LYNGBY, Denmark — With reference to the announcement made May 9, Noble Corp. and The Drilling Company of 1972 A/S have provided an update on the ongoing merger control process for the business combination announced last November.
Noble has signed an asset purchase agreement to sell five jackup rigs (Noble Hans Deul, Noble Sam Hartley, Noble Sam Turner, Noble Houston Colbert and Noble Lloyd Noble, together the “Remedy Rigs”) to a newly formed subsidiary of Shelf Drilling Ltd. for $375 million.
The sale of the Remedy Rigs, which is subject to approval of the U.K. Competition and Markets Authority (CMA), is intended to address the potential concerns identified by the CMA in the Phase 1 review of the business combination.
On May 9, the CMA published its decision that there are reasonable grounds for believing that a sale to a suitable purchaser of the Remedy Rigs, together with sufficient supporting infrastructure, might be accepted by the CMA to address its concerns related to lessening of competition created by the business combination.

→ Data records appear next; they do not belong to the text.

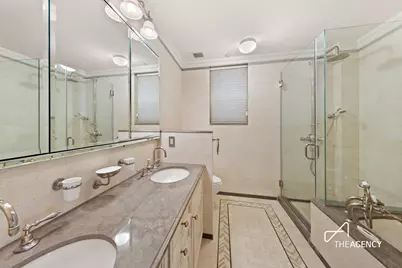 330 E 72nd Street #12, New York City, NY 10021 - Photo 7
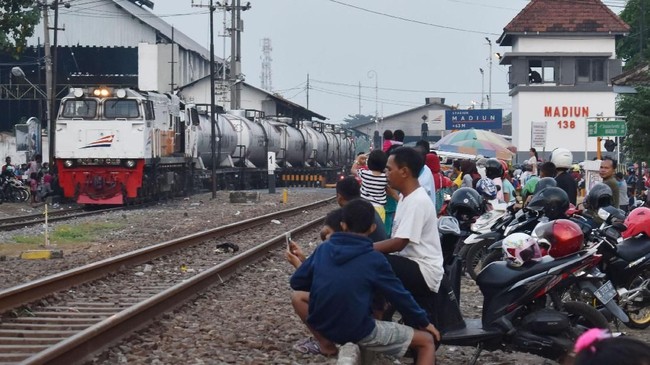 KAI melarang masyarakat melakukan aktivitas buka puasa bersama atau ngabuburit di kawasan jalur kereta api (KAI) selama Ramadan.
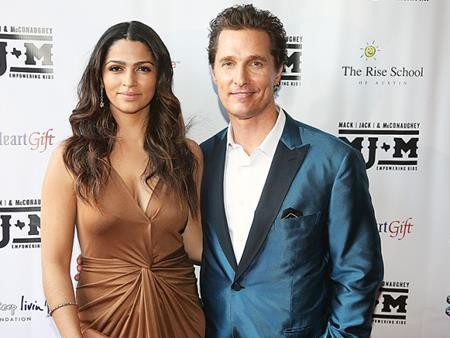 Những đôi uyên ương minh chứng cho tình yêu sét đánh - 4 Matthew Mcconaughey vốn rất hài lòng với cuộc sống độc thân cho đến khi gặp nữ diễn viên gốc Brazil, Camila Alves. Dù chỉ mới thoáng nhìn qua, Matthew đã hoàn toàn bị “sét đánh”. Và sau khi dũng cảm ngỏ lời làm quen với Camila, ngôi sao của “True detective” nhanh chóng bị chinh phục bằng hàng loạt phẩm chất: “Lòng tự trọng mà cô ấy có, cách thức mà tôi có thể thấu hiểu cô ấy và mối liên kết của cô ấy với gia đình, cách mà cô ấy tôn trọng tôi nhưng lại không bao giờ tỏ ra xem thường điều gì và cũng không hề ra vẻ ta đây”.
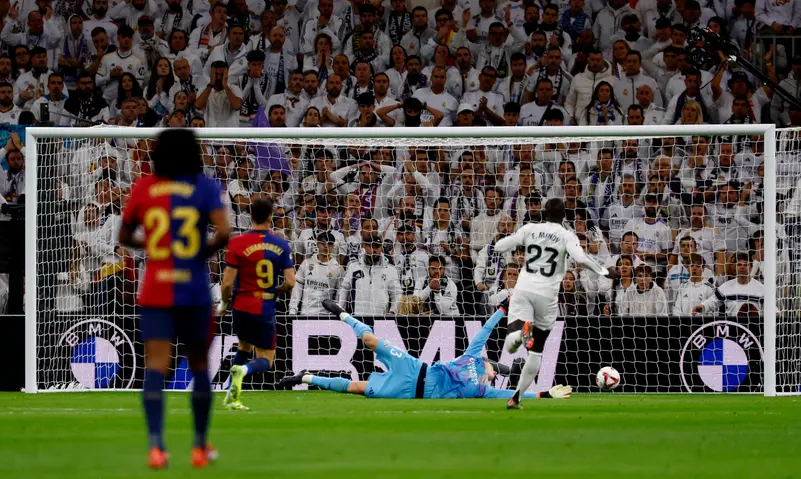 برشلونة يهزم ريال مدريد 4-0 في الكلاسيكو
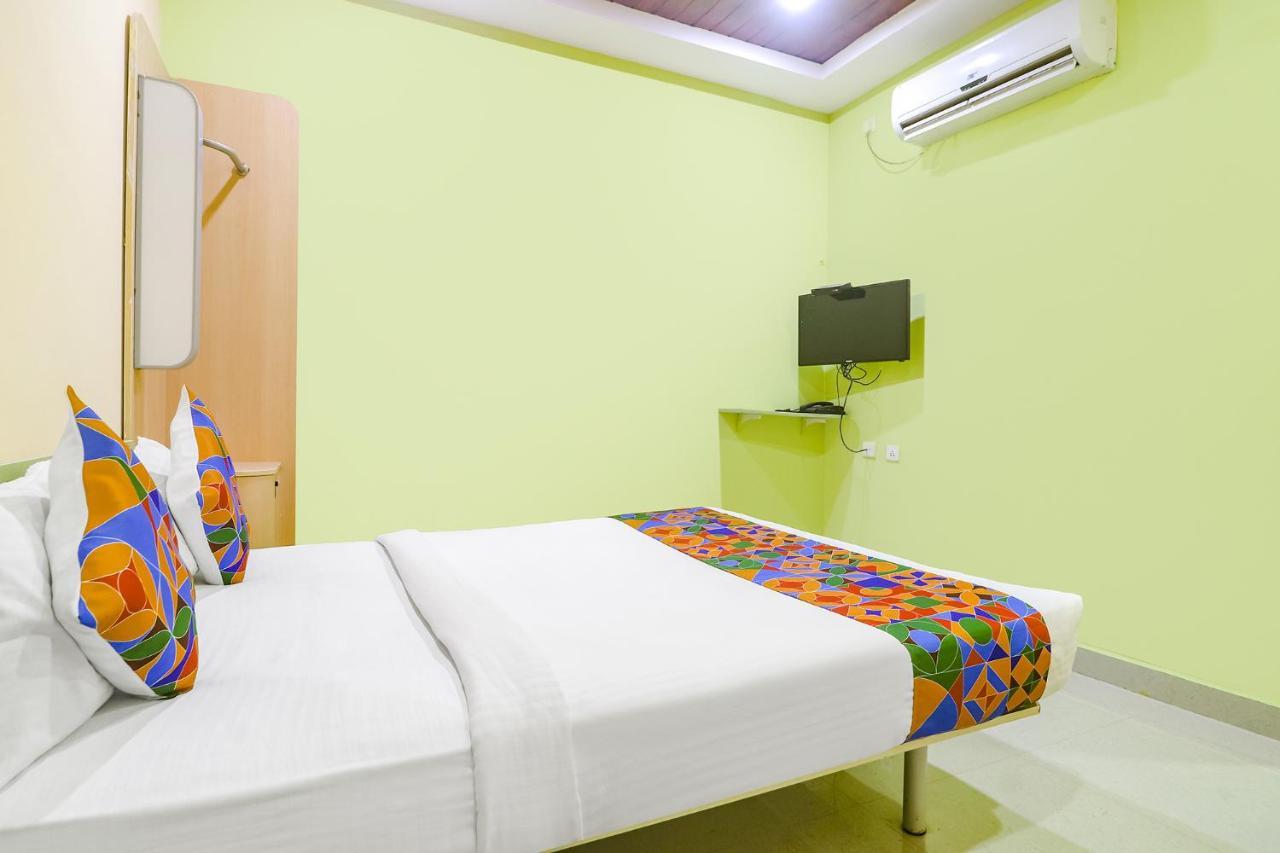 Fabexpress Airport Stay Inn - Nr Hyderabad International Airport, Shamshabad Εξωτερικό φωτογραφία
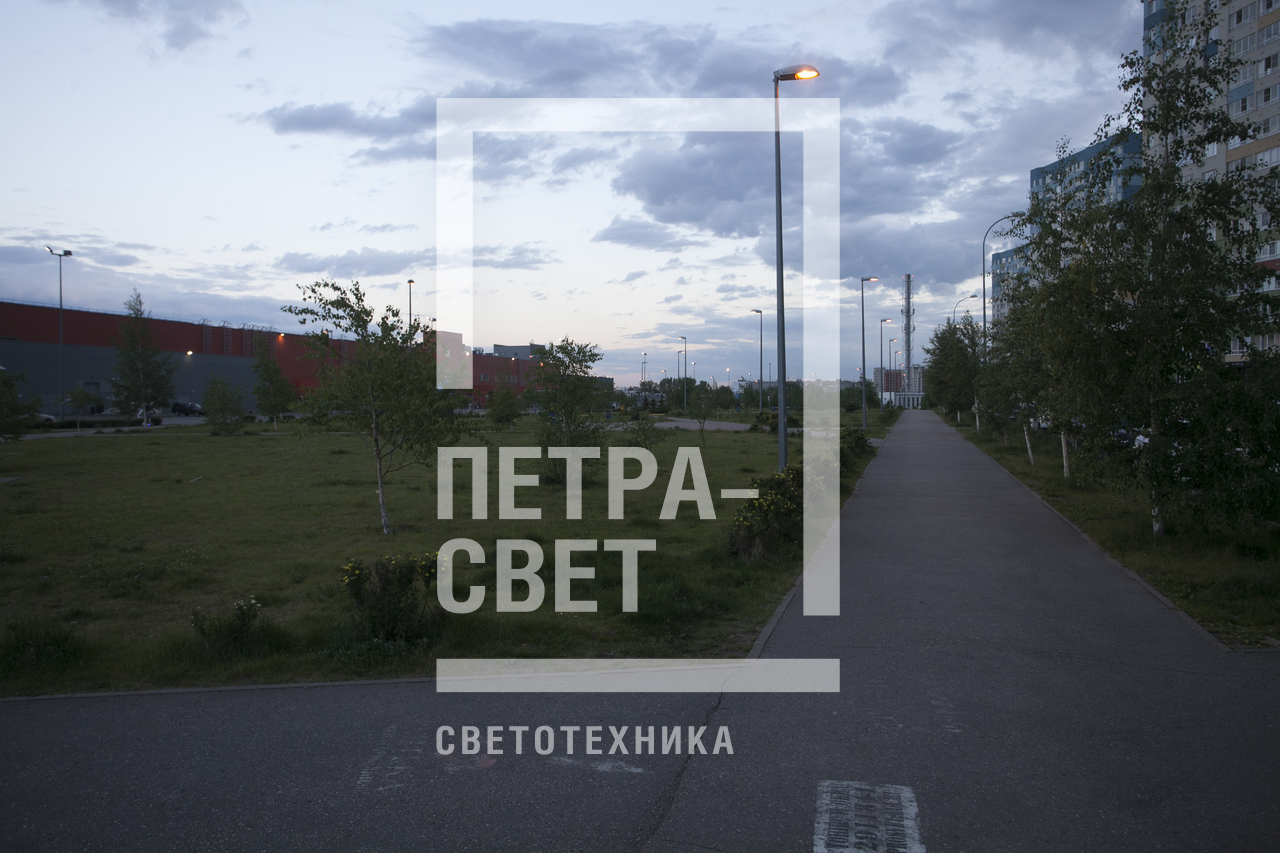 Несиловые прямостоечные опоры ОГКп‐5 используются для освещения сквера в Нижнем Новгороде. Опоры имеют высокую несущую способность, поэтому выдерживают нагрузку от установленных на оголовке светильников «Орион» от «Галад» с газоразрядными лампами. Светиль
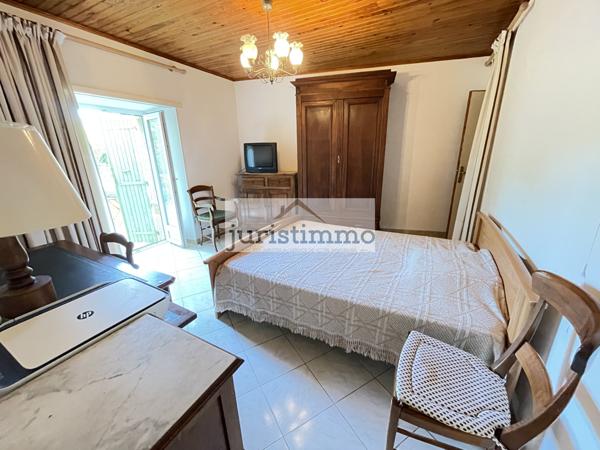 Travaillan (84850) IDEAL INVESTISSEUR : MAGNIFIQUE MAS TYPIQUE EN PIERRES DE 356 M² DIVISE EN DEUX LOGEMENTS AVEC DEPENDANCES DE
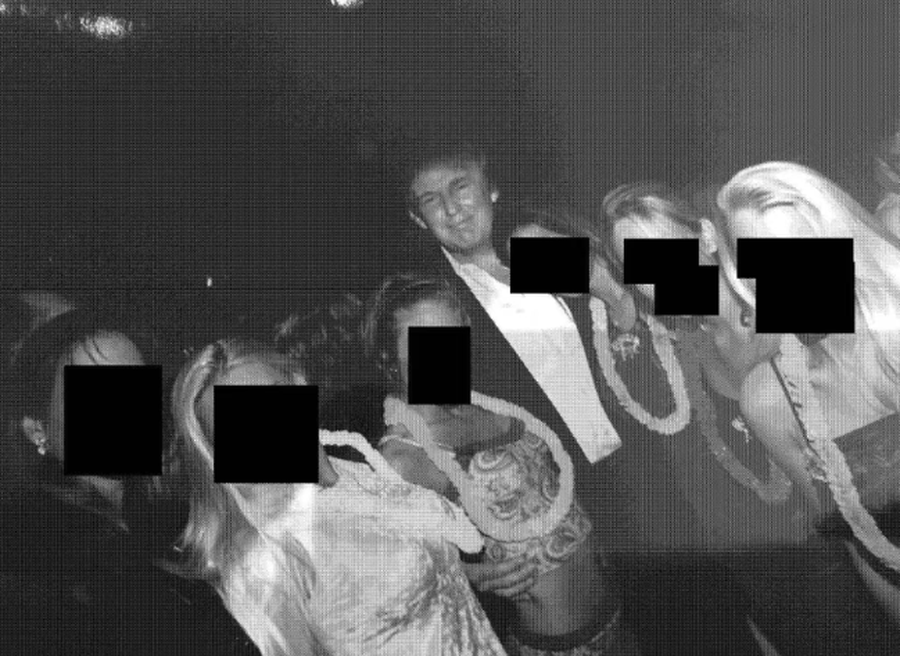 Dalin FOTO të reja nga skandali i Epstein, Trump i rrethuar me vajza
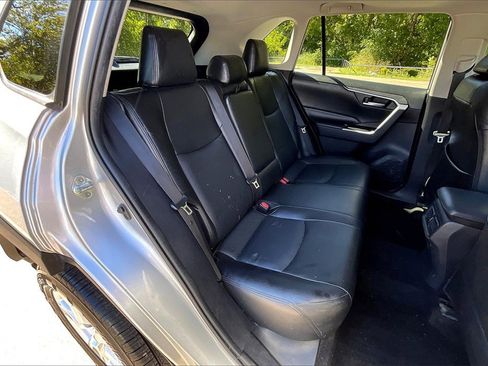 Used 2019 Toyota RAV4 XLE image 27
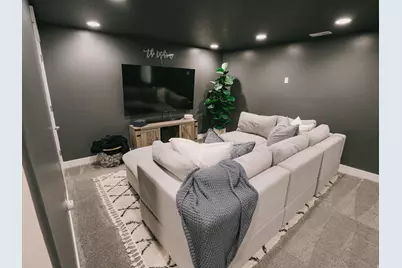 7565 N Hutch Ln E, Eagle Mountain, UT 84005 - Photo 18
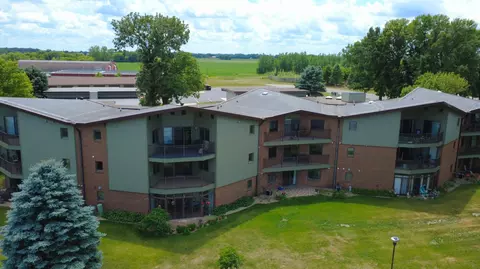 808 Lake Chapeau Dr #202, Albert Lea, MN 56007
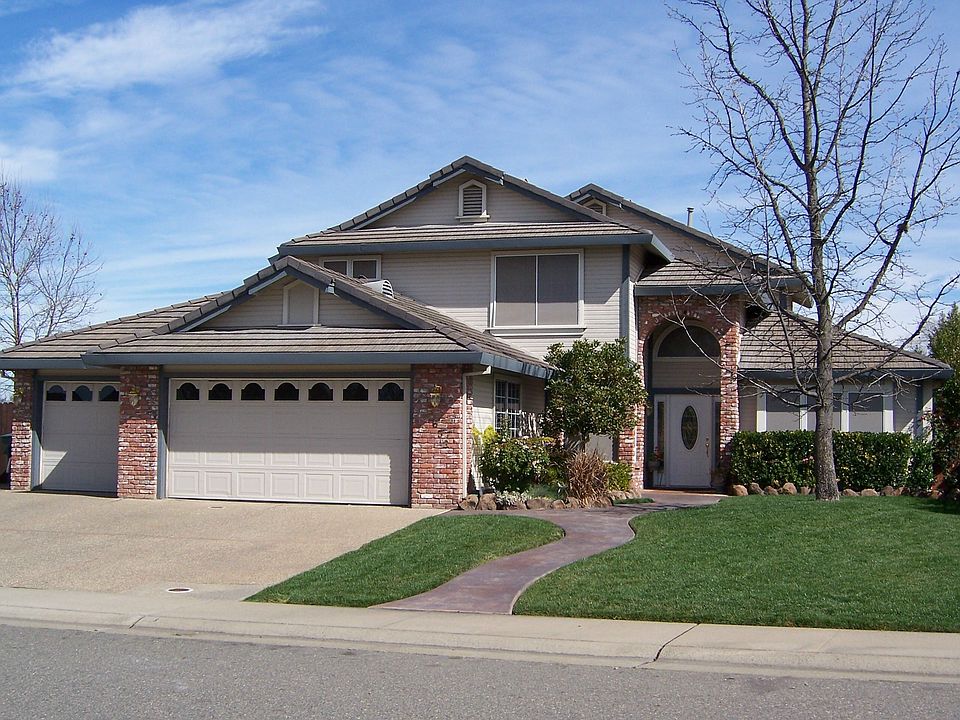 Perfect family home in desirable Rocklin!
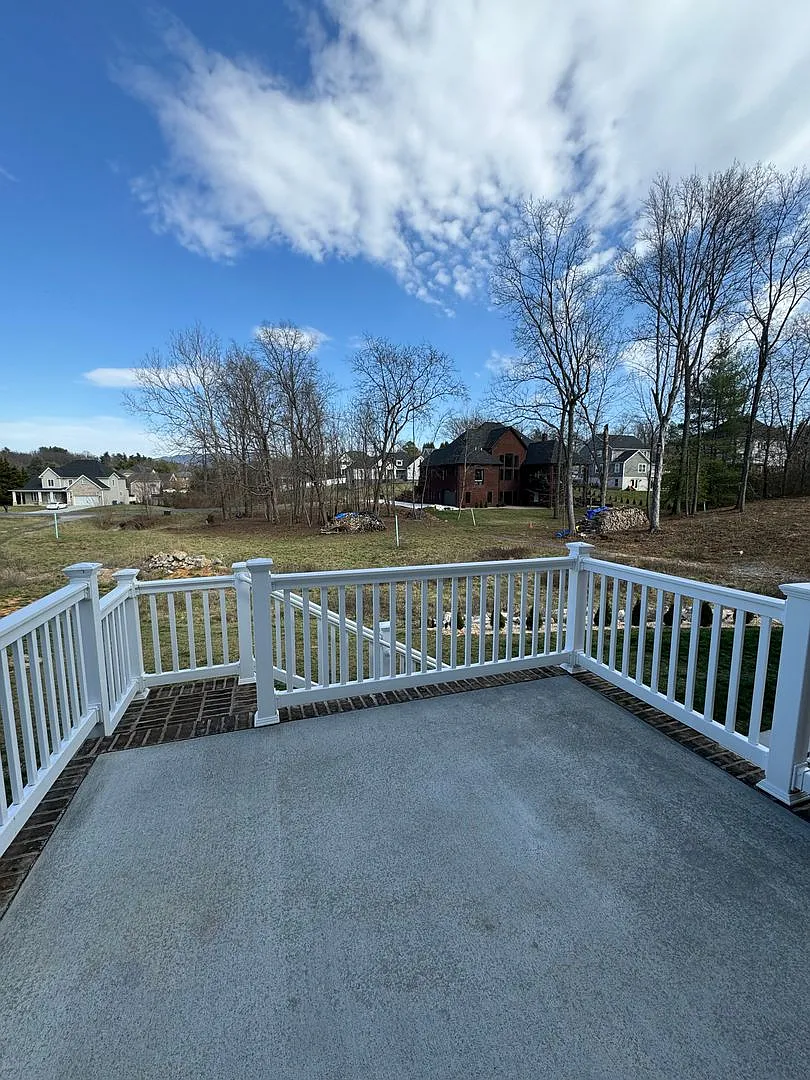 Like New Duplex for Rent — Photo 4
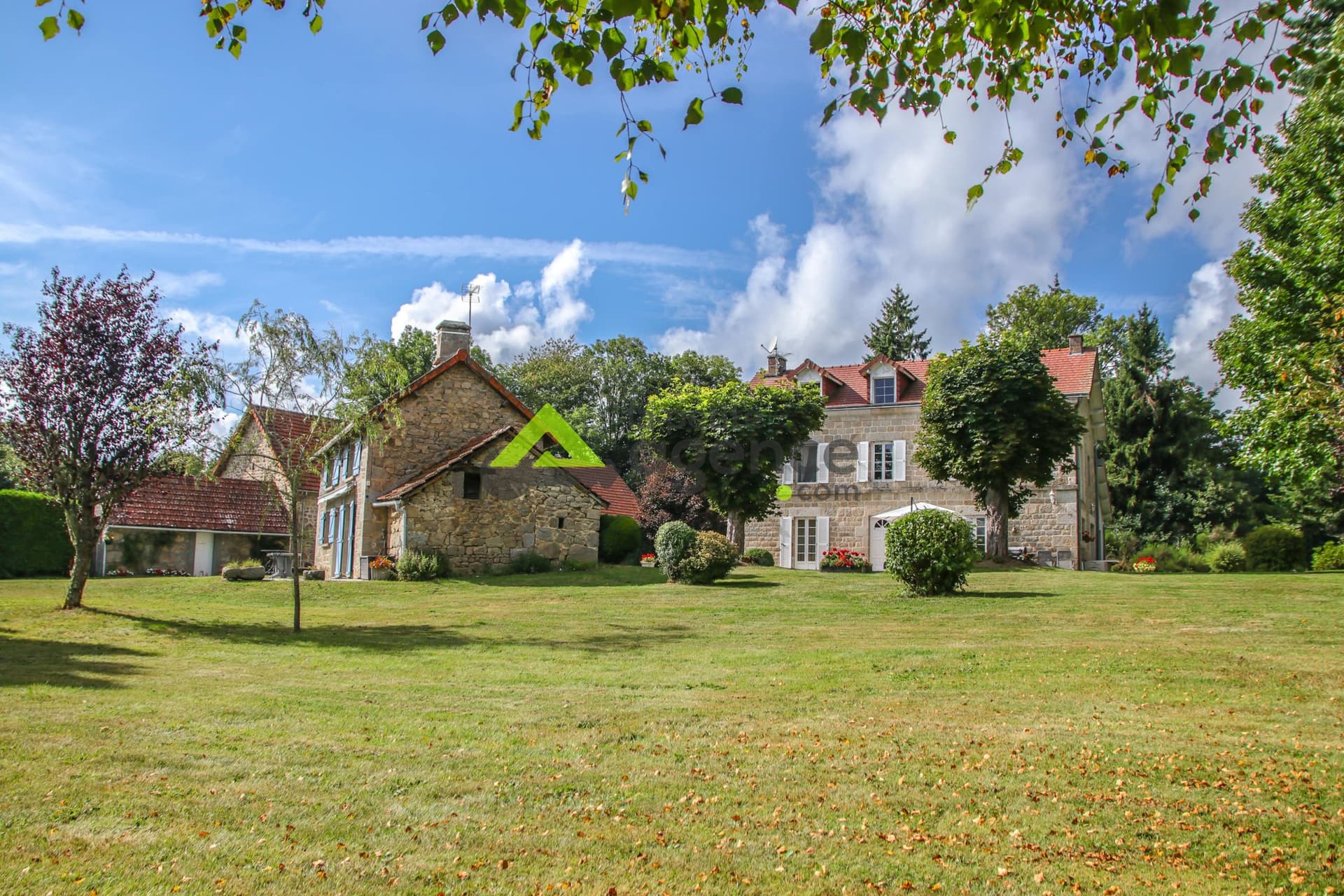 Exceptional Estate With Guest House, Gîtes And Expansive Barn 5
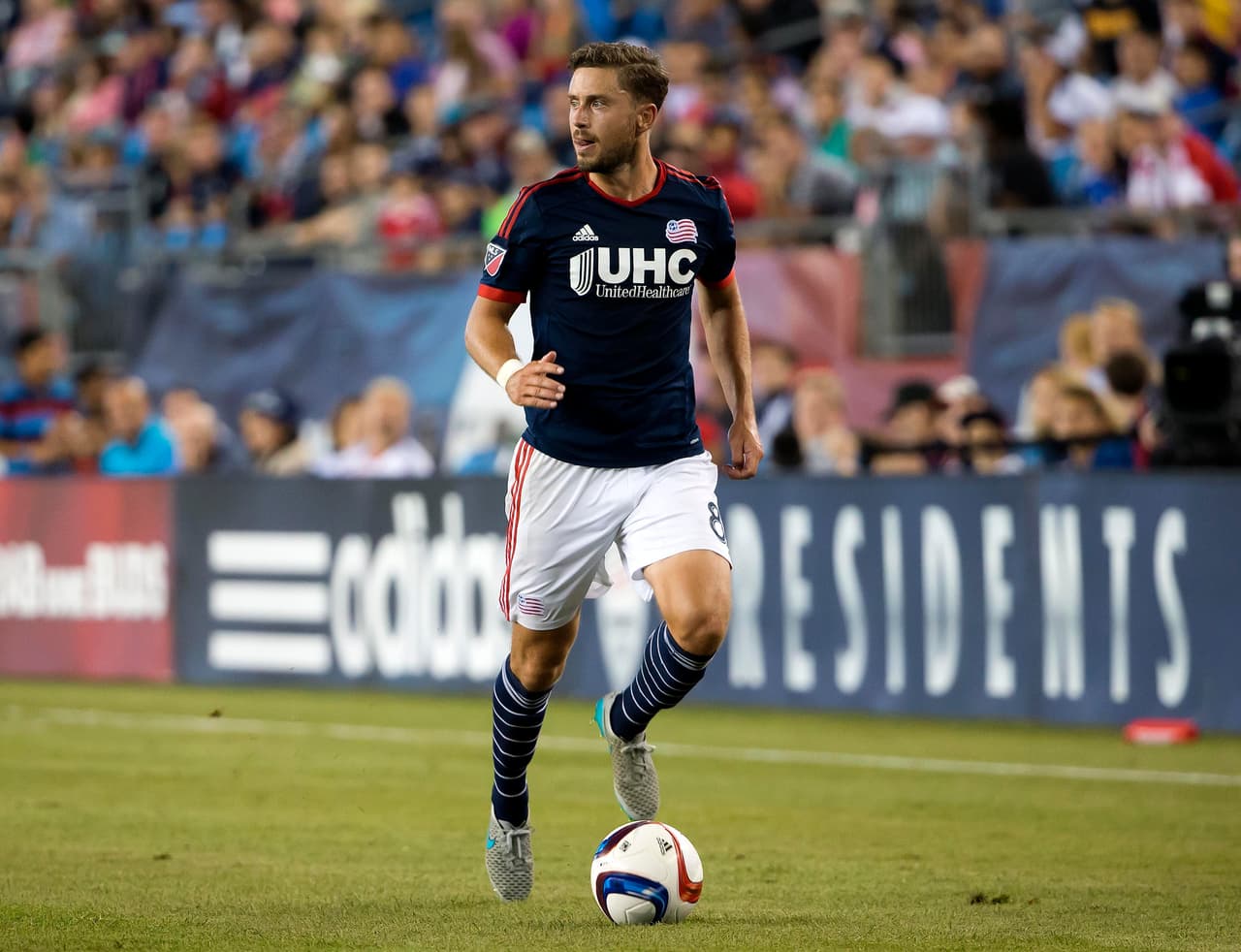 DEF: Chris Tierney | El lateral del Revolution fue vital en la victoria de 3-0 sobre Orlando City SC, incluso anotando uno de los goles.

The duration and outcome of the CMA review process remains uncertain.
If Shelf Drilling, the Remedy Rig sale agreement and the remedy proposal are accepted by the CMA, closing of the business combination is expected to occur near the end third-quarter 2022.
In connection with the merger, the parties expect Noble to launch the planned exchange offer for shares of Maersk Drilling in August 2022. In addition to the CMA approval, completion of the merger remains subject to acceptance by holders of at least 80% of Maersk Drilling shares, listing of Noble shares on the NYSE and Nasdaq Copenhagen, and other customary conditions.